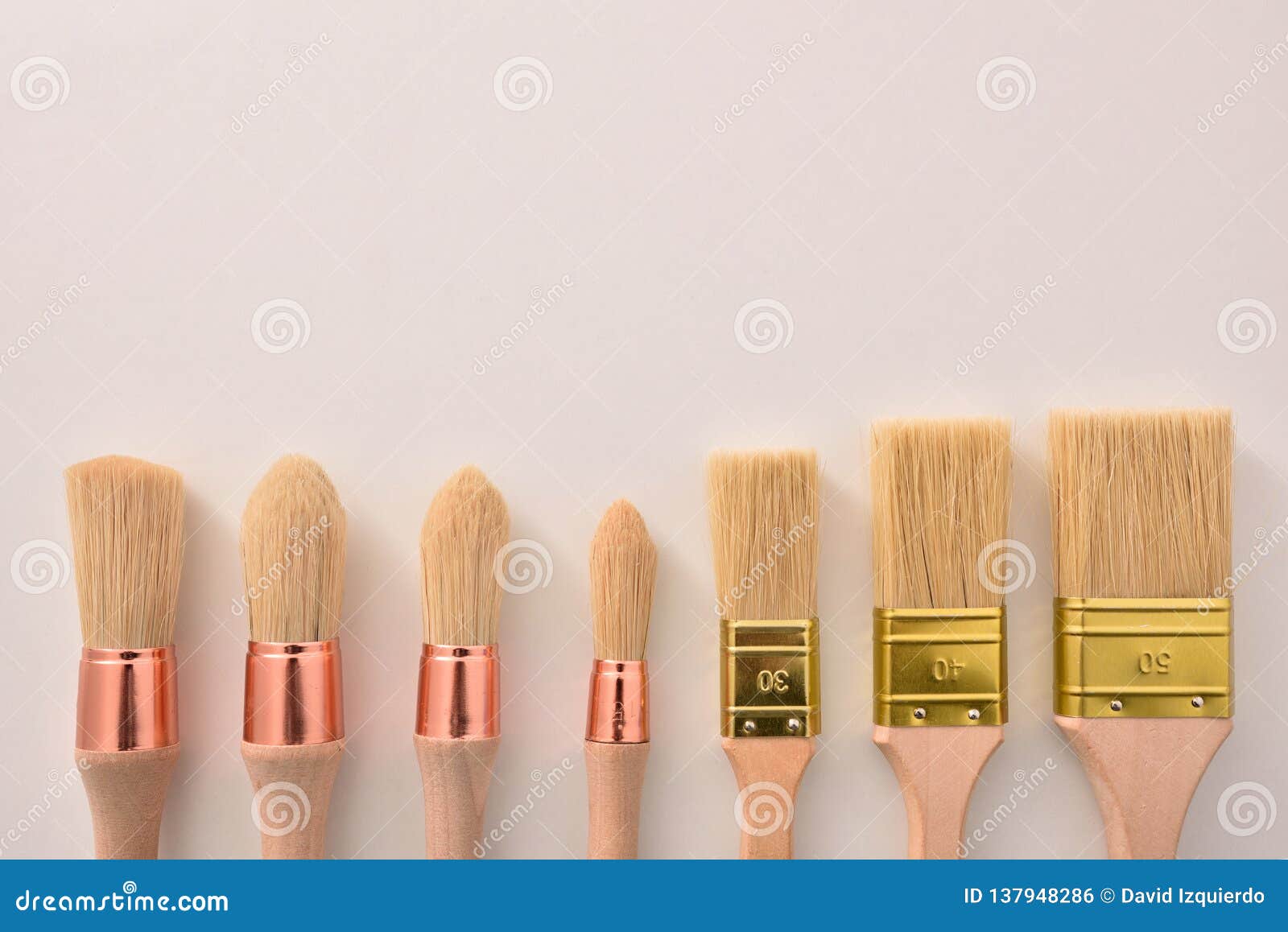 Set Paintbrushes House Painter Various Sizes and Shapes Aligned Stock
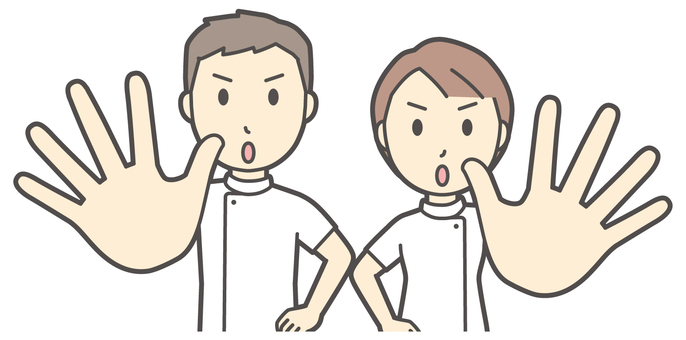  理学療法士の男女-011-バスト 中止,理学療法士,男女,医療,病院,クリニック,整体師,柔道整復師,鍼灸師,人物のイラスト素材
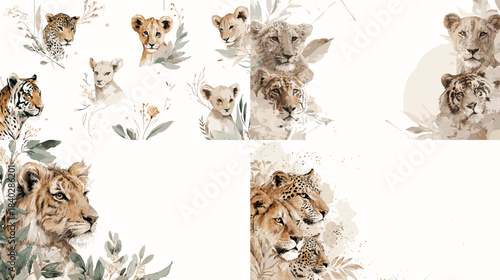 Elegant watercolor portraits of tigers and lions with soft earthy tones and botanical elements. Ideal for wildlife art prints, invitations, branding, and gentle nature themed compositions.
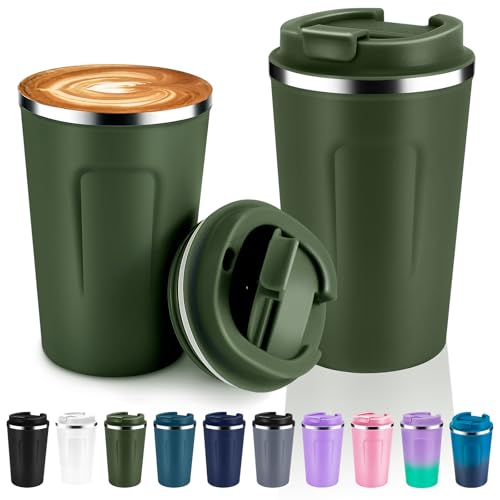 12 oz Double Wall Insulated Vacuum Travel Coffee Mugs with Flip Lid Bulk 2 Pack (2 Count)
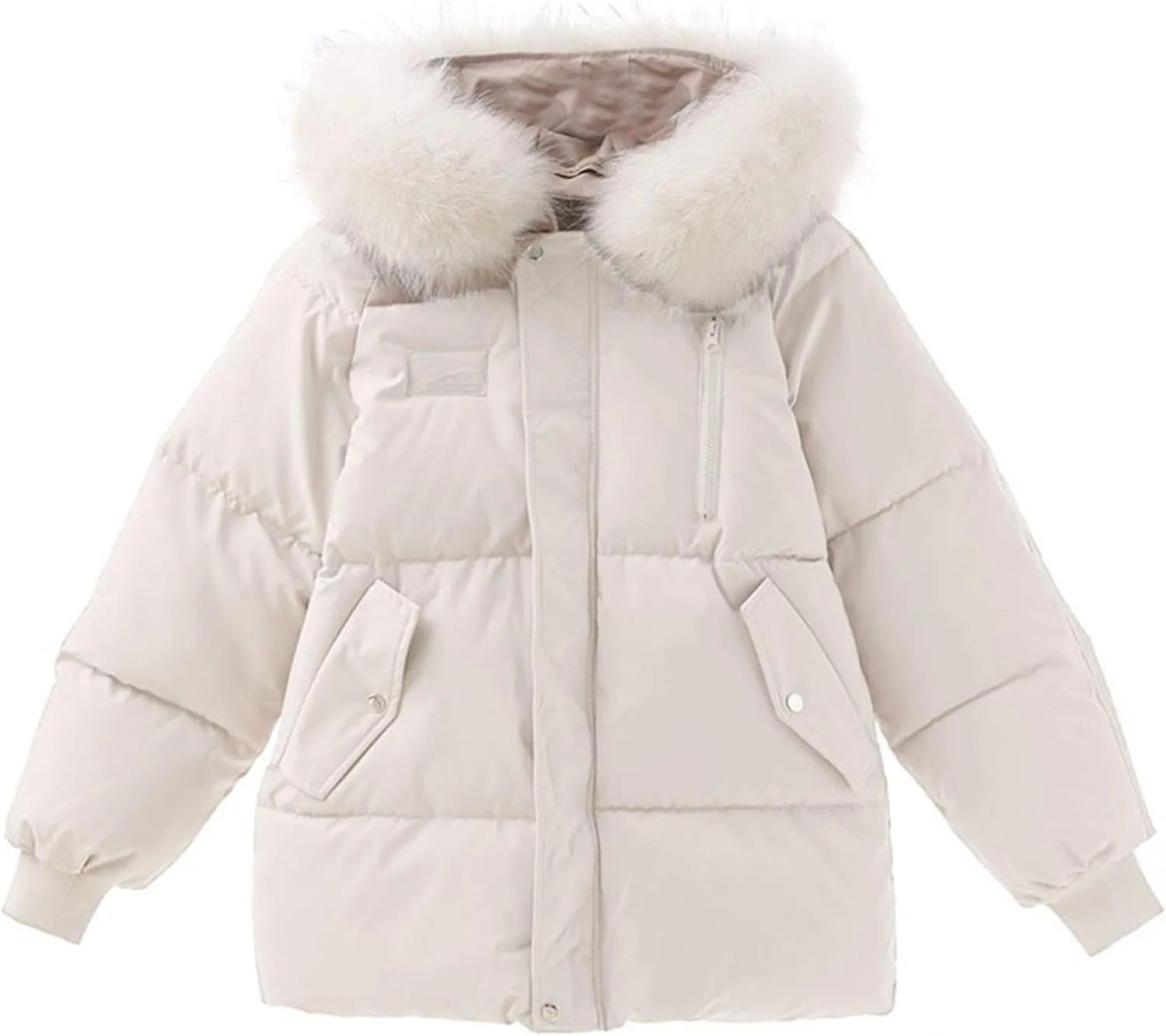 NATHGAM Down Jackets for Women 2023 Winter Long Sleeve Zip Puffer Jacket Baggy Short Down Coats Faux Fur Splicing Hooded Coat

----------

What the task requires: Print the material above verbatim except the pictures.

Written answer:
 Set Paintbrushes House Painter Various Sizes and Shapes Aligned Stock
  理学療法士の男女-011-バスト 中止,理学療法士,男女,医療,病院,クリニック,整体師,柔道整復師,鍼灸師,人物のイラスト素材
 Elegant watercolor portraits of tigers and lions with soft earthy tones and botanical elements. Ideal for wildlife art prints, invitations, branding, and gentle nature themed compositions.
 12 oz Double Wall Insulated Vacuum Travel Coffee Mugs with Flip Lid Bulk 2 Pack (2 Count)
 NATHGAM Down Jackets for Women 2023 Winter Long Sleeve Zip Puffer Jacket Baggy Short Down Coats Faux Fur Splicing Hooded Coat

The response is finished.